The cabless, battery-electric “T-pod” vehicle, designed by technology startup Einride, began operating on the new route on May 15 as part of a pilot program with transportation firm DB Schenker.
The 23-foot cargo vehicle, which has no driver’s seat, pedals or steering wheel, will navigate traffic as it conducts daily freight runs at very low speeds along a 300-meter course between a warehouse and a truck terminal at DB Schenker’s facility in Jönköping. The route is in an industrial area, but includes a 100-meter section of road that also is used by other vehicles, Einride said.
“Autonomous trucks will become increasingly important for the logistics sector,” DB Schenker CEO Jochen Thewes said in a statement. “Together with Einride, we have now introduced autonomous, fully electric trucks to a continuous flow on a public road — a milestone in the transition to the transport system of tomorrow.”
The Swedish Transport Agency in March approved a permit that allows the T-pod to travel on the public road through the end of 2020.
The permit limits the vehicle’s speed to 5 kilometers per hour, or about 3 mph.
Robert Falck, Einride’s founder and CEO, also hailed the T-pod’s debut on the new route as a landmark moment in his company’s “movement to create a safe, efficient and sustainable transport solution, based on autonomous, electric vehicles.”

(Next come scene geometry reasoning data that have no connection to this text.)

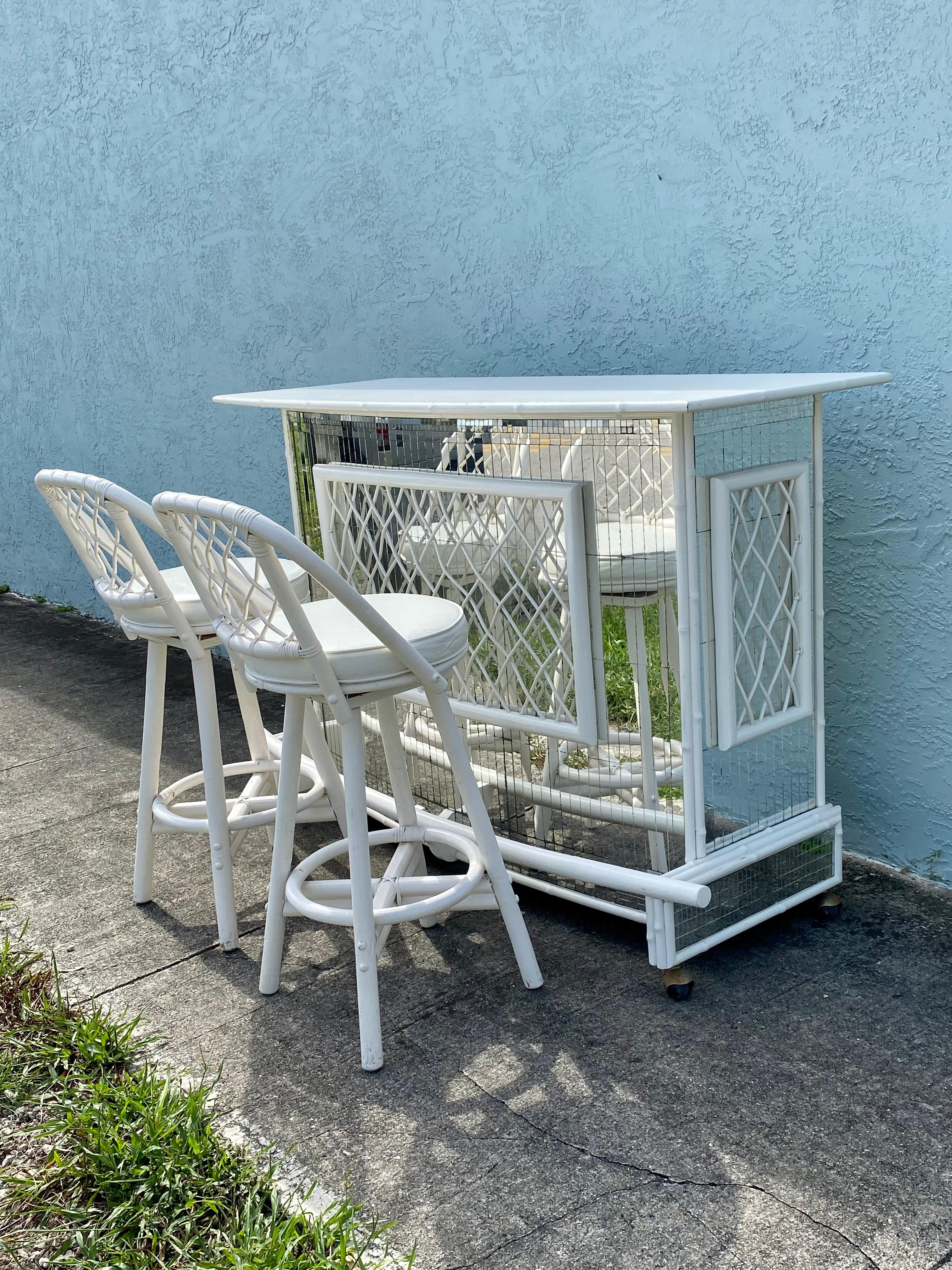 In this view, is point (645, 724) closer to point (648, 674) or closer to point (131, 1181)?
point (648, 674)

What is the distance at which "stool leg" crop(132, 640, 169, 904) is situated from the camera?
281 centimetres

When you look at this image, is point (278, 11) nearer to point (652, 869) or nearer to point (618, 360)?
point (618, 360)

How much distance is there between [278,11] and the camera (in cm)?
409

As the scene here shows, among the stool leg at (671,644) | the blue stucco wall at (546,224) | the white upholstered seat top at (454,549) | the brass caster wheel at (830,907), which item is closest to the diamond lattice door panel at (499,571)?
the white upholstered seat top at (454,549)

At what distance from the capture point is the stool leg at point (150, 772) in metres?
2.81

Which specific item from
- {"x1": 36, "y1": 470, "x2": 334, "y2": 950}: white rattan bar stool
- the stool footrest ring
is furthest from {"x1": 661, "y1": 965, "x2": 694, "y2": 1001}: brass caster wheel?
{"x1": 36, "y1": 470, "x2": 334, "y2": 950}: white rattan bar stool

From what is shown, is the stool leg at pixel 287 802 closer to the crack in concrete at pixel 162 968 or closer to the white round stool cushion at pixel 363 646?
the white round stool cushion at pixel 363 646

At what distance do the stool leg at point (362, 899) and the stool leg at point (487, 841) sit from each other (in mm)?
175

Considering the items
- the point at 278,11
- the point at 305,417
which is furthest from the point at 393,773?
the point at 278,11

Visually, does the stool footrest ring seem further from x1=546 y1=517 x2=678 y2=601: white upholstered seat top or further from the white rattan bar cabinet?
x1=546 y1=517 x2=678 y2=601: white upholstered seat top

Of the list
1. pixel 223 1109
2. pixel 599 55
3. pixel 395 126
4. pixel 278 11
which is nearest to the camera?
pixel 223 1109

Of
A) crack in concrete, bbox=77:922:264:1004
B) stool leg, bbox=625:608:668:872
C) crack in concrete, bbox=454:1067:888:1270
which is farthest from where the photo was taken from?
crack in concrete, bbox=77:922:264:1004

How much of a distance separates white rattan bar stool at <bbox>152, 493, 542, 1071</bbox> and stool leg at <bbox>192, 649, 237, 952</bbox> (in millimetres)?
224

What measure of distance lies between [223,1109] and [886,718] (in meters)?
1.68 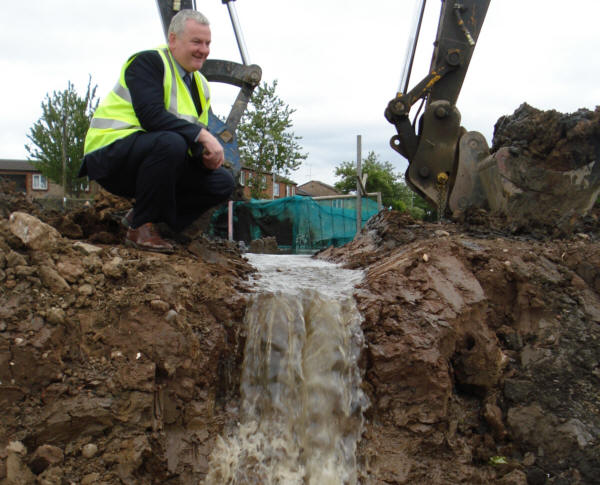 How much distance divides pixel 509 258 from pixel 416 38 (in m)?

The T-pod can carry up to 15 pallets and uses onboard sensors and machine vision to track its surroundings.
Although Einride’s T-pods are unmanned, remote drivers monitor the self-driving vehicles and can take control if necessary.
Einride’s partnership with DB Schenker, formed in April 2018, includes the operation in Jönköping as well as an option for additional pilots internationally.
More than a year ago, Einride showcased its T-pod at the Transportation Research Board’s 2018 annual meeting in Washington.
The Stockholm-based company also has interest in potentially bringing its autonomous transport system to the North American market, Falck told Transport Topics at the time.